This P&O row is proof of Britain’s economic servility

Is the government prioritising Dubai investment over British workers’ rights?

By Ian Watts

The latest controversy to befall this government appears to have already blown over. The row was sparked by the Transport Secretary Louise Haigh’s admission that she has boycotted P&O Ferries since its mass firing of staff in 2022 (and her encouragement of others to join her). This apparently offended the ferry company’s owner, Dubai’s DP World, enough to threaten its own boycott of the government’s international investment summit in London, beginning on 14 October. Keir Starmer reacted in characteristically managerial fashion (“I think we’ll resolve that”) by rebuking Haigh and distancing the government from her comments. And DP World have put its toys back in the pram and will be attending the event after all. But, while perhaps a small victory for “grown-up” politics, the row has exposed a more structural fragility in the UK economy – and our loosely principled government’s desperate need to please overseas investors.

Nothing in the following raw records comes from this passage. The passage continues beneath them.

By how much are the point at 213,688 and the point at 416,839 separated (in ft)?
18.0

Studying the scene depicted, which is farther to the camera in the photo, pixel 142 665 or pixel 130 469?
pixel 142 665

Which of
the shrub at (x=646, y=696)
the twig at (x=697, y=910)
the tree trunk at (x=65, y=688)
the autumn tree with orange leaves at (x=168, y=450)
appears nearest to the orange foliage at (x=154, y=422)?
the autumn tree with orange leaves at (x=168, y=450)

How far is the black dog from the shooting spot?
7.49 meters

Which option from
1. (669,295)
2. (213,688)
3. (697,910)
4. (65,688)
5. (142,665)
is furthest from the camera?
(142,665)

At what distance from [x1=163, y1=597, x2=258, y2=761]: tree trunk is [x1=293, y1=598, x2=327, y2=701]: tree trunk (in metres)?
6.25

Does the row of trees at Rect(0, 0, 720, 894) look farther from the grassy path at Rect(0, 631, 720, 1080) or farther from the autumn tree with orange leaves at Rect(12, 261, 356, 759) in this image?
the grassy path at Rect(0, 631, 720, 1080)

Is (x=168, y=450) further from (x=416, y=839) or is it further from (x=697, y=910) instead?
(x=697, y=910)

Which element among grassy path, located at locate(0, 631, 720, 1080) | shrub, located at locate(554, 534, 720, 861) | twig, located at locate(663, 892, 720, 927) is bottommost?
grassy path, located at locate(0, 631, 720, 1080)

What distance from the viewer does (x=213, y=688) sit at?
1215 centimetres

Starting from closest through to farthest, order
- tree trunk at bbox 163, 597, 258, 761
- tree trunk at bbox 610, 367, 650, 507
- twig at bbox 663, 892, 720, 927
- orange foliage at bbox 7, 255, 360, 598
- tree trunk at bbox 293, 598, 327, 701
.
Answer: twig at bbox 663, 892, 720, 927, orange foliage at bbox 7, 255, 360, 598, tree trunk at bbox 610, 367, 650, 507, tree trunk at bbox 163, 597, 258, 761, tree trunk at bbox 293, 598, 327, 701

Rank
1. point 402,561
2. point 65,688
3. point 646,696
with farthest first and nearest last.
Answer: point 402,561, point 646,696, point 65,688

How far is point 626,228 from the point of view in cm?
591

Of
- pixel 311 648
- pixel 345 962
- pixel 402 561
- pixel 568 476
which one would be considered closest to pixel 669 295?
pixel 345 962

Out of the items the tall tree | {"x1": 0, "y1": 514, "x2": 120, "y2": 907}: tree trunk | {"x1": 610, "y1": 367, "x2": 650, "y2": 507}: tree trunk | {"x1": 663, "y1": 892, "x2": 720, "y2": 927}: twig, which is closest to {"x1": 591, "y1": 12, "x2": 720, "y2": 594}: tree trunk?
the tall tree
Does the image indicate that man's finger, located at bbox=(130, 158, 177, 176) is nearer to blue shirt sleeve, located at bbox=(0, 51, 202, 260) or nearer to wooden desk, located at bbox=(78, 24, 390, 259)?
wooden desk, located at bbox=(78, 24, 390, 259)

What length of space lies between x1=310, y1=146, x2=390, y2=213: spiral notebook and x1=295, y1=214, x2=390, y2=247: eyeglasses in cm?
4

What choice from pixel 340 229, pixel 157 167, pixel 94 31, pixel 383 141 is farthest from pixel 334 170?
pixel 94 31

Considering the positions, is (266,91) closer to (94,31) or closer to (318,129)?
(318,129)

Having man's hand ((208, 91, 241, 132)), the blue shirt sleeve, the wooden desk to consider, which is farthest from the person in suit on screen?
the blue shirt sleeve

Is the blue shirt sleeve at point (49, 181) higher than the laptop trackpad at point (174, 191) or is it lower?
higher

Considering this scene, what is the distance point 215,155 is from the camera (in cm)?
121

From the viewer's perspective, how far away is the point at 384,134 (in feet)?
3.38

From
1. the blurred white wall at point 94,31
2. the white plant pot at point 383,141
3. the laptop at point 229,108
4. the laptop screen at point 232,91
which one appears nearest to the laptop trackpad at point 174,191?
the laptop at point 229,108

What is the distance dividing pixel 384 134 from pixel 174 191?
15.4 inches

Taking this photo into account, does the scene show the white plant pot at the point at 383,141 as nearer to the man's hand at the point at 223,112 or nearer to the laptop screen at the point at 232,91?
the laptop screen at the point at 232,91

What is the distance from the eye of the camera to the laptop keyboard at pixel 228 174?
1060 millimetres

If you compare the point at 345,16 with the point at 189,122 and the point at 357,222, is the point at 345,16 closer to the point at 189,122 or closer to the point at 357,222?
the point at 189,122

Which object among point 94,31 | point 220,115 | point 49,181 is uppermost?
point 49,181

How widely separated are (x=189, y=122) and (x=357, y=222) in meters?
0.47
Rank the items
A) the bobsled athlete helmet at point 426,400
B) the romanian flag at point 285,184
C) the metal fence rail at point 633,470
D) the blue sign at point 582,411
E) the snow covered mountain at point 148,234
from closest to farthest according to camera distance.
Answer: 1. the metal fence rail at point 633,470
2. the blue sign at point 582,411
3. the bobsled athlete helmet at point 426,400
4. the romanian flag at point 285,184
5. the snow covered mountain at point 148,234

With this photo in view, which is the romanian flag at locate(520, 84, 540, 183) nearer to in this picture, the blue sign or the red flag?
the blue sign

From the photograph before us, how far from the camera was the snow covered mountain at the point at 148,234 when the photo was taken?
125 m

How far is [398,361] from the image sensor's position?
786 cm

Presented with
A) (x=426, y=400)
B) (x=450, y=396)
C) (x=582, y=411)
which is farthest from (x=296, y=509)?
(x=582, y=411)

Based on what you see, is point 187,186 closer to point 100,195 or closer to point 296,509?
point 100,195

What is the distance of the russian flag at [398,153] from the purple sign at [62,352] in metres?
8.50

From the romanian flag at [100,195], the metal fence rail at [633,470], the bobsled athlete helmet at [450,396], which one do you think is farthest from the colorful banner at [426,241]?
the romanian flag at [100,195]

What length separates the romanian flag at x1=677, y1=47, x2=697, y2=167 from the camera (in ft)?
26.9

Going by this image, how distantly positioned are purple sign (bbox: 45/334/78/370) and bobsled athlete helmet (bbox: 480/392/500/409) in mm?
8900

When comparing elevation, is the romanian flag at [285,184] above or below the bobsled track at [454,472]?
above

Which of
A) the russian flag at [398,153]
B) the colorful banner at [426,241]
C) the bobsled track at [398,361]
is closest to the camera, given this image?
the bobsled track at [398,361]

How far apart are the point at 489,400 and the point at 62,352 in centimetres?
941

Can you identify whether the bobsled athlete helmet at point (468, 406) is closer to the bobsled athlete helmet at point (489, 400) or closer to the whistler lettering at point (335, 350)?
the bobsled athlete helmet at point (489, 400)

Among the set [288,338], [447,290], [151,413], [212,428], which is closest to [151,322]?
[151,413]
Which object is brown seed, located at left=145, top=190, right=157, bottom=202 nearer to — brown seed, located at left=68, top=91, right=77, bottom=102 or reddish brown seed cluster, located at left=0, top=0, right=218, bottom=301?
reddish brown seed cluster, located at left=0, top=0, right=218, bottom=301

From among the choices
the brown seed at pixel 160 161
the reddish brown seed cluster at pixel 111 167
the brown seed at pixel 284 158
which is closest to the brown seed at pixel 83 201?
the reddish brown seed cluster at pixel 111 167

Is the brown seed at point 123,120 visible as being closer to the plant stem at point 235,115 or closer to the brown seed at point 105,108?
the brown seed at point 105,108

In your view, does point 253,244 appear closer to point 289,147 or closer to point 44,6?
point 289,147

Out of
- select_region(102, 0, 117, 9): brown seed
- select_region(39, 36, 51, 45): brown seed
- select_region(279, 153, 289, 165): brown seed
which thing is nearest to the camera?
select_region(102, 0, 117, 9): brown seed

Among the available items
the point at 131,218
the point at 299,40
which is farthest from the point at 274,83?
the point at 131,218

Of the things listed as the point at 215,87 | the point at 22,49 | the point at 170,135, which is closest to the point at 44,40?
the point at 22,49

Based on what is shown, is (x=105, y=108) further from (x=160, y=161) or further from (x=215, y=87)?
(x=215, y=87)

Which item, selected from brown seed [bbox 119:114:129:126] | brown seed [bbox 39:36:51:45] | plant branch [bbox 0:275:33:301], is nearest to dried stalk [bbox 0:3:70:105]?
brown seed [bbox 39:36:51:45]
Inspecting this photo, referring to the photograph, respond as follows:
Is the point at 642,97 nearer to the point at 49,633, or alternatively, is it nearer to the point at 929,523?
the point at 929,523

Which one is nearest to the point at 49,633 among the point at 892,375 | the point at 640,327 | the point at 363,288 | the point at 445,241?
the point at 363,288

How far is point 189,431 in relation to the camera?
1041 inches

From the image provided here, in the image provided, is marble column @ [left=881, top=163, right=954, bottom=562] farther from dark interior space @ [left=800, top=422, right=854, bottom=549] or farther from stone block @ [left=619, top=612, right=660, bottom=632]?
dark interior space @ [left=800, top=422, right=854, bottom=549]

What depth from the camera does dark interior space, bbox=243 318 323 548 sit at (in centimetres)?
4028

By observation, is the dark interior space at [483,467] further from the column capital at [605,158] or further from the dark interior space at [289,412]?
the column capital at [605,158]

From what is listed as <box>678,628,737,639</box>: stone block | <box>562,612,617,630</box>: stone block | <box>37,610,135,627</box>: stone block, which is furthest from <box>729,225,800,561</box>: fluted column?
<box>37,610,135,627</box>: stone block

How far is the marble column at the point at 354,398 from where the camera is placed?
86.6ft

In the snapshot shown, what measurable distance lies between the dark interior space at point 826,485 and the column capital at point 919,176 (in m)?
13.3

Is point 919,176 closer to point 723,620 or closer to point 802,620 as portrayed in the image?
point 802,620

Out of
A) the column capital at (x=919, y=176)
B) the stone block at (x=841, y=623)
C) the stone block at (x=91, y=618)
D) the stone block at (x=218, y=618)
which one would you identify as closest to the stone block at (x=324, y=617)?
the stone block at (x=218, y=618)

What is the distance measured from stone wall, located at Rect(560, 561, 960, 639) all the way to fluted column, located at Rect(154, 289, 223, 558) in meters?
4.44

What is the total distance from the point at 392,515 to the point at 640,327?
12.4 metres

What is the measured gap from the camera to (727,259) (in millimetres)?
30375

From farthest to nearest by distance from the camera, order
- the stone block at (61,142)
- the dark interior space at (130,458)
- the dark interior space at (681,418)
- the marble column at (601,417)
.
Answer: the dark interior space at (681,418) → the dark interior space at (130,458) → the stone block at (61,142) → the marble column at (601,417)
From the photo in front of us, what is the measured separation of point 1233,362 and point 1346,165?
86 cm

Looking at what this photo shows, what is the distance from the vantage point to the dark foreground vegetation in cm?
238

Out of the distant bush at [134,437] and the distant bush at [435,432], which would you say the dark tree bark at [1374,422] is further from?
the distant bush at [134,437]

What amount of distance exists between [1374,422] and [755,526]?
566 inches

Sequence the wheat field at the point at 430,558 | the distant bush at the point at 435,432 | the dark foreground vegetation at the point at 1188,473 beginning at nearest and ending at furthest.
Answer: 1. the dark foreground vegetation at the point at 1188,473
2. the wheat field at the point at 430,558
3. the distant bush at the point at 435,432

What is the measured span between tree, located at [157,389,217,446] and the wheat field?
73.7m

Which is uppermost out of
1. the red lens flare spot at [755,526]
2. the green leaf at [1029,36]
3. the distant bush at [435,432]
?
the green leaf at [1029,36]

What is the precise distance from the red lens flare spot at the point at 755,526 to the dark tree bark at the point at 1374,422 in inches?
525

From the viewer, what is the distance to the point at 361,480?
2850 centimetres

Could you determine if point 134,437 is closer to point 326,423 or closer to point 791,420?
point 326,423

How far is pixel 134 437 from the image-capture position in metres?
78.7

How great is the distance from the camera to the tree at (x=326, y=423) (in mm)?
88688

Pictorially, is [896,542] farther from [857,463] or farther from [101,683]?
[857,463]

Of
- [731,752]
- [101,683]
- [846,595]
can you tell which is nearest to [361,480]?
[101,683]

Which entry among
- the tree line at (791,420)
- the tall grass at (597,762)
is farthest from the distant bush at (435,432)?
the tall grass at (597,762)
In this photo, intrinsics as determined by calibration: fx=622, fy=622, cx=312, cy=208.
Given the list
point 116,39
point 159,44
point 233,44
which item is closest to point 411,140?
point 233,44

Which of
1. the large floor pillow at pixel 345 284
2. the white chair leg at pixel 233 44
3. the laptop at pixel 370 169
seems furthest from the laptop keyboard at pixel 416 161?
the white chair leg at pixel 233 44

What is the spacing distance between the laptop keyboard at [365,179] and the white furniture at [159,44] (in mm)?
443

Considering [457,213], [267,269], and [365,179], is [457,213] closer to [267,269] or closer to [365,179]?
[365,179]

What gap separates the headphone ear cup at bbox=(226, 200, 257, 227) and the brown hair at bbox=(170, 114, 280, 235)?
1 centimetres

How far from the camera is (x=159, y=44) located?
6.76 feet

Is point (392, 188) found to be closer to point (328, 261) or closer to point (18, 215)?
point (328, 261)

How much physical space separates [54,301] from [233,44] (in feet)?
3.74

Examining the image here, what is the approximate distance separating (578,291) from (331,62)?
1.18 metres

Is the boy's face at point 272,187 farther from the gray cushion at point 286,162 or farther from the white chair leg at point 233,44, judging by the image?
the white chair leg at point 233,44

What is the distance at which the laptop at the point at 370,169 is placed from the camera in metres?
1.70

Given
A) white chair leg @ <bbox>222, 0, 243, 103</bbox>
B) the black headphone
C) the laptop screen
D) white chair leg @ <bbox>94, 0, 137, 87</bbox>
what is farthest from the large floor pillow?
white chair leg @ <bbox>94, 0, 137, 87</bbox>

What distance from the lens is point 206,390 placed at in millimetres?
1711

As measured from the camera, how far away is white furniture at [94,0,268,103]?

Louise Haigh, the MP for Sheffield Heeley, is from the moderate left of the Labour Party (she expressed regret for nominating Jeremy Corbyn for the party leadership in 2015 and has since been an enthusiastic supporter of the pragmatic Andy Burnham). Since July, she had shown herself to be one of the government’s rising stars, making a string of well-received policy announcements. Given that backdrop, Haigh’s ministerial candour last week is all the more surprising. And her boycott of P&O Ferries – in particular the revelation that she had instructed her department “to have absolutely no contact with P&O Ferries or DP World unless it is literally on safety grounds” – is admirably principled, even if it is the stuff of student politics.